Yes, winter was cold but not the raw, biting pinch of a crisp Orange winter’s day. The Bureau did announce this week that it was the mildest Tasmanian winter on record and its easy to see why. I only remember having to wear my puffer jacket on a couple of occasions. Most afternoon walks on the beach required just a warm jumper to be comfortable.

I know it may seem that I have become obsessed with the wind down here, but it can be truly surprising and so varied. There is very rarely a day that can’t be described as windy but it is the speed with which it arrives, and disappears that can amaze. The absolute force of the wind is awesome. We had a BOM severe weather warning for Monday night and sure enough at 3.00am, the gale-force winds (of over 100 kph) tore and ripped at the house trying to find a finger-hold on any loose or vulnerable aspect of the building. What we weren’t warned about was a repeat performance last night, but of even more intensity. At times it felt like a heavyweight boxer was raining body-blows to the house and it responded by shuddering as if its feet were being lifted off the ground. Ruby slept through the whole experience totally unconcerned, or at least totally oblivious. (Boy, can she sleep!)
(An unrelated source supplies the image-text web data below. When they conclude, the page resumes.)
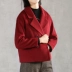 [78 nhân dân tệ giải phóng mặt bằng] Van Gogh mùa thu và mùa đông áo len ngắn retro đỏ dài tay màu rắn phụ nữ áo khoác áo khoác lông vũ nữ Áo khoác ngắn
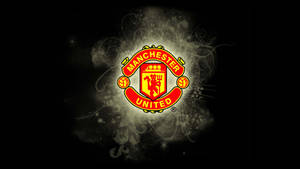 Manchester United Logo With Grey Smoke Wallpaper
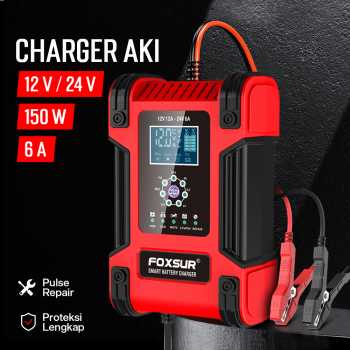 Gambar produk FOXSUR Charger Aki Mobil Motor Intelligent Battery Charger 12-24V 12A - FBC122412D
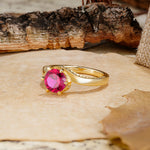 Classic Unique 6-Prong Round Cut Ruby Engagement Ring - Additional view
One interesting aspect of the wind is what it can do to the beach. In the afternoon after the gale of Monday night the beach had a very different appearance to normal. Where the waves had wetted the sand the wind had scoured the surface enough to undercut every bit of tiny pebble, wood, shell and seed and left them each on their own sandy pedestal. It resembled a specimen tray in a high-end jewellery shop. At the back of the beach where the sand was dry, the landscape of ‘dunes’ was just liked Jimmy Murdoch had described in Year 9 Geography back at Orange High in the sixties.
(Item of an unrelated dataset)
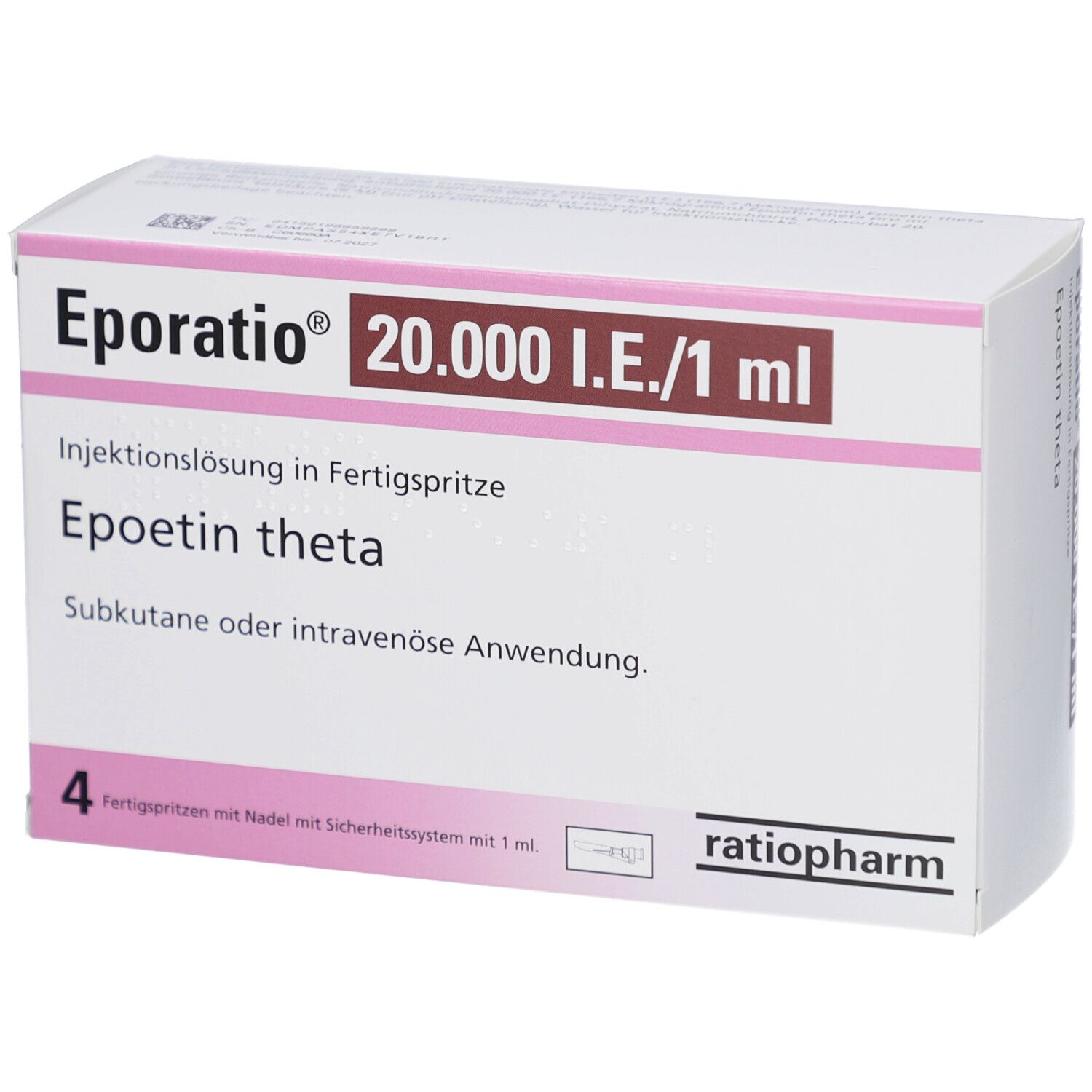 Karton von Eporatio 20.000 I.E./1 ml. Enthält 4 Fertigspritzen. Text: Epoetin theta, subkutane oder intravenöse Anwendung.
 As you know, food is an important part of our lifestyle and we are still exploring the wide range of local produce available to us. We are well-served by several outlets on the island including the Bruny Island Cheese Factory for cheese, locally brewed beers and condiments; The Oyster Shuckery; and the baker down near Alonnah that sells his bread out of a couple of old fridges on the side of the road; and a local farmer who grows vegetables. Its not difficult to be fully inspired in the kitchen as a result. Our vegetable garden is ready to go into full production and we already have a couple of things on the go.

In terms of ‘home improvements’, I have been busy constructing a new garden shed/potting shed down near the studio. The enclosed area that has been created (which I have grandly named “the utility area”) is handy for hiding the garbage bins, compost bins and saved bits of timber and other building materials. Two or three garden beds out the front of the house have also been created and/or renovated to tidy up for first impressions.

The back yard is still a work in progress and is undergoing a change from the original ideas. When the weather permits that will be the next focus of attention with yet another garden bed (I wonder who is going to maintain them all?), and a new fire pit to locate and install.

If you listen carefully, you may just hear the wind screeching like a banshee through the fly-screens!